● **Your goal**
From the line containing "Zeilhofer Hubachse ZH90: Windschutzscheibe/" to the last line of the records, reproduce every line exactly and print nothing else.
== == ==
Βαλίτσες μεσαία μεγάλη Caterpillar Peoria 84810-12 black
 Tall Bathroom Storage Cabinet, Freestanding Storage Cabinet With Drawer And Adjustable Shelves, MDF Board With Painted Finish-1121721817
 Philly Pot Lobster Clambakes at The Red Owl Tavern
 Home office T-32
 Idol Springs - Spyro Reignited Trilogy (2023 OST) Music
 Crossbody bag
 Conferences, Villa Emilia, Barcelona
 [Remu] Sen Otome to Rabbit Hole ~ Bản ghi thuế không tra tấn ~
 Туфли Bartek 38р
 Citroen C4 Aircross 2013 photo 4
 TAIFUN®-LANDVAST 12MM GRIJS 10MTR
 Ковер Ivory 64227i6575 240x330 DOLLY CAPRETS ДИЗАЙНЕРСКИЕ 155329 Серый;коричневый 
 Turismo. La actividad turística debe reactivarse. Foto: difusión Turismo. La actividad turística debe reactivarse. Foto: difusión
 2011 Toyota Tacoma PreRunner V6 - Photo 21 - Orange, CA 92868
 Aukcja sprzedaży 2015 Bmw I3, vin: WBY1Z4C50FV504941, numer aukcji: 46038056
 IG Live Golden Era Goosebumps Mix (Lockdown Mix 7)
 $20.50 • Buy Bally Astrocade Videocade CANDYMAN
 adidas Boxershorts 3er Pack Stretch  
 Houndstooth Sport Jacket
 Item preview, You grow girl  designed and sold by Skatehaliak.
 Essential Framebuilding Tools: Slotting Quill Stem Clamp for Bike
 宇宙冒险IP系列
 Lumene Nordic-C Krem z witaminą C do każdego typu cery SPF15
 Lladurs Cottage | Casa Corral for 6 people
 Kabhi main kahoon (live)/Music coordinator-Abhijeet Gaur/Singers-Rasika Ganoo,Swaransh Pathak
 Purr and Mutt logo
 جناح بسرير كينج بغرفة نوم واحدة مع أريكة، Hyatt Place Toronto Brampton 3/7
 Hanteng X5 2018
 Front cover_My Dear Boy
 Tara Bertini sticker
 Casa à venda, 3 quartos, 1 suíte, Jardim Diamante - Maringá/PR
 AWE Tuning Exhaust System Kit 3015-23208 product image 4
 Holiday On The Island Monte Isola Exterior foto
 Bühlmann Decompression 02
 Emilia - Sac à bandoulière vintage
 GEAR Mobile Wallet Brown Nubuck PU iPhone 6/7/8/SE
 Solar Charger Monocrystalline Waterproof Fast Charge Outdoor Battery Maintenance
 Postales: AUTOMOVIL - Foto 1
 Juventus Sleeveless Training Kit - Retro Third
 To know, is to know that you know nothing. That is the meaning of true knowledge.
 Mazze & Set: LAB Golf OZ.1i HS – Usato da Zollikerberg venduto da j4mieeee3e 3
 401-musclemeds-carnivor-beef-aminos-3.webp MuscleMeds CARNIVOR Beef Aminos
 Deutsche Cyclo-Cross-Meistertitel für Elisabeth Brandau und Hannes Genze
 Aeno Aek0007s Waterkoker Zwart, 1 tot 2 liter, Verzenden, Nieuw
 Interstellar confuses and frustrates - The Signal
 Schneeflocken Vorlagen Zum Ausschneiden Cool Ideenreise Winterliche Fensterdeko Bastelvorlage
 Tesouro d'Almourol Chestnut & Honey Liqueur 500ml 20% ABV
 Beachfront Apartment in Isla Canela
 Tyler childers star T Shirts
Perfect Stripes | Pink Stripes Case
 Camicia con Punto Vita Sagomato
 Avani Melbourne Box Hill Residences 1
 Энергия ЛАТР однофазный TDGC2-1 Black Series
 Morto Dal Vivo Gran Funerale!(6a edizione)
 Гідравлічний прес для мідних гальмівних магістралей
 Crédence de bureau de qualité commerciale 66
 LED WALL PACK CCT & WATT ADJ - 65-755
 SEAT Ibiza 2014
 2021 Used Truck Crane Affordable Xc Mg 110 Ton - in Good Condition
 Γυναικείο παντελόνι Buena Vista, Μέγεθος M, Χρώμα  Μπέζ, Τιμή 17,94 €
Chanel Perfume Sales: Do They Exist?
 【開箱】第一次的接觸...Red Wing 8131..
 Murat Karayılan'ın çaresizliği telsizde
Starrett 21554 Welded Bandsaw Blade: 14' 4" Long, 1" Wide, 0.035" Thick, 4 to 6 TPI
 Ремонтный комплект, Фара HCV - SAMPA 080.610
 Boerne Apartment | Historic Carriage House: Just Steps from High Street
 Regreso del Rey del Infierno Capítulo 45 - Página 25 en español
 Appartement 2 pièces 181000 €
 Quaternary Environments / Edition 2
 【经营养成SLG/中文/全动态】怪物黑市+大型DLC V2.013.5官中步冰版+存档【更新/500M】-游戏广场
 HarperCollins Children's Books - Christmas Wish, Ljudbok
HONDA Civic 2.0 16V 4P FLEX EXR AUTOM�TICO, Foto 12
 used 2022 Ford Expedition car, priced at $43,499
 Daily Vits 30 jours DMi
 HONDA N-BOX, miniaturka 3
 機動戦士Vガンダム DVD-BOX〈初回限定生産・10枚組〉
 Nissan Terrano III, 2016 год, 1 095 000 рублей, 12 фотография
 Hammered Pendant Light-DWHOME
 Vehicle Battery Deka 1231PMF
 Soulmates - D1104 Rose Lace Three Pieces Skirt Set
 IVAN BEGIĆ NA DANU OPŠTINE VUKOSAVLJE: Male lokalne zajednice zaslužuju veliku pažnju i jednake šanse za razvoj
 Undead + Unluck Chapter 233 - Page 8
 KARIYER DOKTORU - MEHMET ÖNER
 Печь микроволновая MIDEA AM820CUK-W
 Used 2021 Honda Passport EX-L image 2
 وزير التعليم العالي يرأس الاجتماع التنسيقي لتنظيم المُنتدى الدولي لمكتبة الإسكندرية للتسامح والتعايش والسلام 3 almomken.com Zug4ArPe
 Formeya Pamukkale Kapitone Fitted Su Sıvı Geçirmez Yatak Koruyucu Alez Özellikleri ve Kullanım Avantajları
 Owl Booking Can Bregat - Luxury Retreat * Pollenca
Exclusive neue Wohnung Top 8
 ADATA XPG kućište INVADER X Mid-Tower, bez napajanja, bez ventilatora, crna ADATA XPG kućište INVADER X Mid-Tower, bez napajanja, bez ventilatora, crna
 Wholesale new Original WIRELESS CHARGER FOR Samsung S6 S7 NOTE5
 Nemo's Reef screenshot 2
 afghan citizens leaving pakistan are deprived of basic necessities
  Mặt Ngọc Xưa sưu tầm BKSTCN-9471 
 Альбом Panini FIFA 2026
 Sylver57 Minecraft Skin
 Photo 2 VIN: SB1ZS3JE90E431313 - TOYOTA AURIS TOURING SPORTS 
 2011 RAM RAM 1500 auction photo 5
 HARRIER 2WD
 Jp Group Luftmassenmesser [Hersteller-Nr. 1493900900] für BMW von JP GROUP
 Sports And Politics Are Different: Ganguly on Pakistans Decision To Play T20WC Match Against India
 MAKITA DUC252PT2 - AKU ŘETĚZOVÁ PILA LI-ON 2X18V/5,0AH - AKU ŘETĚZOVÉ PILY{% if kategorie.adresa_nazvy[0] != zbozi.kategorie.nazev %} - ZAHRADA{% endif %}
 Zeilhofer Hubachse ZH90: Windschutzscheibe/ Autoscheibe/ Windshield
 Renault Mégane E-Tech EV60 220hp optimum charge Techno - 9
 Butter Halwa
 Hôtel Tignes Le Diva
== == ==
● **Exercise solution**
 Zeilhofer Hubachse ZH90: Windschutzscheibe/ Autoscheibe/ Windshield
 Renault Mégane E-Tech EV60 220hp optimum charge Techno - 9
 Butter Halwa
 Hôtel Tignes Le Diva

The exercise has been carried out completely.